Collected data:
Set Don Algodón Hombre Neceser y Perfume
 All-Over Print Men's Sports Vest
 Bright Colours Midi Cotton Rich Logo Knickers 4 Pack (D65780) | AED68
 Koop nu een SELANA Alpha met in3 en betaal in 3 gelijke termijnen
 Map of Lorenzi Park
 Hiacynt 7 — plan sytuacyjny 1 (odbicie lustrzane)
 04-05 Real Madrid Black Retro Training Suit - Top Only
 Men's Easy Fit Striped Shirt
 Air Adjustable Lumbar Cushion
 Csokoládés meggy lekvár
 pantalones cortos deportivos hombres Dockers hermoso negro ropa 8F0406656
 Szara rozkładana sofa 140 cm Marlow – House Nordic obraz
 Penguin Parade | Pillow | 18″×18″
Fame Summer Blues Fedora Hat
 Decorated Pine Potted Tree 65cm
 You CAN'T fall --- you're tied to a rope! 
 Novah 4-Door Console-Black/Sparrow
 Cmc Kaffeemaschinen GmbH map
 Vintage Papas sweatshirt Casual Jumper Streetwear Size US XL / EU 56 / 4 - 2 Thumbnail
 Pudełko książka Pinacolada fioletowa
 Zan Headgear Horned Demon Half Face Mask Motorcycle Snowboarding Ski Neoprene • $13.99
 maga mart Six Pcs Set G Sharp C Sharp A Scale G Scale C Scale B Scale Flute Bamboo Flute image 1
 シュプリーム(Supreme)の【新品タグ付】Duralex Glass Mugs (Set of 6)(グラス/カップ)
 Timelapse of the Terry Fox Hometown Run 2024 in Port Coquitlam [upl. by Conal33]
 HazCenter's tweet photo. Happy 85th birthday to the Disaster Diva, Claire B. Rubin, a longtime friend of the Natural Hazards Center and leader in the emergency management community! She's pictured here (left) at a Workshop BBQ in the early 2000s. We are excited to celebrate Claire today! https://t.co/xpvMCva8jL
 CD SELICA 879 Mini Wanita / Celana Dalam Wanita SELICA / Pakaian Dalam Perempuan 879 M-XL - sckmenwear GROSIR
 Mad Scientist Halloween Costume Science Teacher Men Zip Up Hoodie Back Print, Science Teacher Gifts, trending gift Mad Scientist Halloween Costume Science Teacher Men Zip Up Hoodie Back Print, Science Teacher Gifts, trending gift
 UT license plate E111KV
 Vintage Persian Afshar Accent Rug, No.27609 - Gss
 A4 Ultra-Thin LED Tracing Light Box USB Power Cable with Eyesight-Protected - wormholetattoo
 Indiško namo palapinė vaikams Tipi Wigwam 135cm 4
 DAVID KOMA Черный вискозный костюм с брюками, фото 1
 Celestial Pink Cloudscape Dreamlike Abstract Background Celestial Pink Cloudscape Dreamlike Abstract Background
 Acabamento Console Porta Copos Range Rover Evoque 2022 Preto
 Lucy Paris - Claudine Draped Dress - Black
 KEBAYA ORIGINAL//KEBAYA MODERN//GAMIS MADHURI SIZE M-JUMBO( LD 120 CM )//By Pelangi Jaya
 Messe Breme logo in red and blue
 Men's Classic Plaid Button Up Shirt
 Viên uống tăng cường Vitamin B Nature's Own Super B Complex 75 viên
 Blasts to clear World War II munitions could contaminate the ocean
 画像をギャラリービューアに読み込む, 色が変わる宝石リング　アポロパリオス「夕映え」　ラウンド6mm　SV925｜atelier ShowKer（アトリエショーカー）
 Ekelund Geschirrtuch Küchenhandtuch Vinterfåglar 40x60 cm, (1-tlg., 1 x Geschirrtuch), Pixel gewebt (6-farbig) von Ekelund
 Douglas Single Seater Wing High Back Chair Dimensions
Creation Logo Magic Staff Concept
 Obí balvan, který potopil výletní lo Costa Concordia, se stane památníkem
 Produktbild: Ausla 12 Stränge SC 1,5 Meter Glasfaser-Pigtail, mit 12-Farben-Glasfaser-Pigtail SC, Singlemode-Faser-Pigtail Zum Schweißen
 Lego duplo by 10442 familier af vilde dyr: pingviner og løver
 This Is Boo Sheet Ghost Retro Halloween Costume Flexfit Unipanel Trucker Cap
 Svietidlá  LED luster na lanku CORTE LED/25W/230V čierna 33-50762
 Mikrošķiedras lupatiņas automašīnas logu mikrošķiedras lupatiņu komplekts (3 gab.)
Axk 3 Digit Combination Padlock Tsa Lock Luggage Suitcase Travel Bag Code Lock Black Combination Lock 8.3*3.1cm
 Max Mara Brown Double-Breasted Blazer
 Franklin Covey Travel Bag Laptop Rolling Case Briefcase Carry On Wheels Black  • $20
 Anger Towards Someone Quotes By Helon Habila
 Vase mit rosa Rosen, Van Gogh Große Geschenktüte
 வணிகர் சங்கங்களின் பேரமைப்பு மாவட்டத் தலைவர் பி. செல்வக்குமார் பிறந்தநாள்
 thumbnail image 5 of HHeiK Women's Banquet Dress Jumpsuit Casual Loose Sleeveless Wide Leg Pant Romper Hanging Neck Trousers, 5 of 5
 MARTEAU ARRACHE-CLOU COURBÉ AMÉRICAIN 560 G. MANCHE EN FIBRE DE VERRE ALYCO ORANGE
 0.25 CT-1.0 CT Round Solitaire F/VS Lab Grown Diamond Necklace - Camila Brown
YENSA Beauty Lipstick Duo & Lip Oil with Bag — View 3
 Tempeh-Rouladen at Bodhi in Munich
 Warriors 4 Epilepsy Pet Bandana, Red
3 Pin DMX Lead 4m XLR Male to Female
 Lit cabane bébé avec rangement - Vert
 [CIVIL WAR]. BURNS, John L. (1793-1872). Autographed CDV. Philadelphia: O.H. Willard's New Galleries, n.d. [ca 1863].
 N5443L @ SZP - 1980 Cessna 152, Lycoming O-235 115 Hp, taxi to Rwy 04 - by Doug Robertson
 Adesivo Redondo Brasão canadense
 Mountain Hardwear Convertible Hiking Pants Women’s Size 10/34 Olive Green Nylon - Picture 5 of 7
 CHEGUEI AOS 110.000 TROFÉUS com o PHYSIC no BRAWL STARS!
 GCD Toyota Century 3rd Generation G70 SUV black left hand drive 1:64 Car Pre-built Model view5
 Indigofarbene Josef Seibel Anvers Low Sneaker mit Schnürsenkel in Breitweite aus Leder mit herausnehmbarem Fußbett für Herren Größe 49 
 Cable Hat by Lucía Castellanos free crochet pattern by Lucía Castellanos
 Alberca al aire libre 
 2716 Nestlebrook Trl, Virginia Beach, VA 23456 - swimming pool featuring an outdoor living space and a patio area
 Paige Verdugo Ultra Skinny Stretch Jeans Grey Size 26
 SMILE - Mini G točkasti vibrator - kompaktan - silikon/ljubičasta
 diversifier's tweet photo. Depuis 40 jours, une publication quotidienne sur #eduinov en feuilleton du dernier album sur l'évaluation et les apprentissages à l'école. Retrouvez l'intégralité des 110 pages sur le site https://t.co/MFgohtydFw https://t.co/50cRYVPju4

▶ Exercise goal:
Once the line with "maga mart Six" is found in the records above, print exactly that line and every line after it through the line with "Timelapse of the".

▶ Written answer:
 maga mart Six Pcs Set G Sharp C Sharp A Scale G Scale C Scale B Scale Flute Bamboo Flute image 1
 シュプリーム(Supreme)の【新品タグ付】Duralex Glass Mugs (Set of 6)(グラス/カップ)
 Timelapse of the Terry Fox Hometown Run 2024 in Port Coquitlam [upl. by Conal33]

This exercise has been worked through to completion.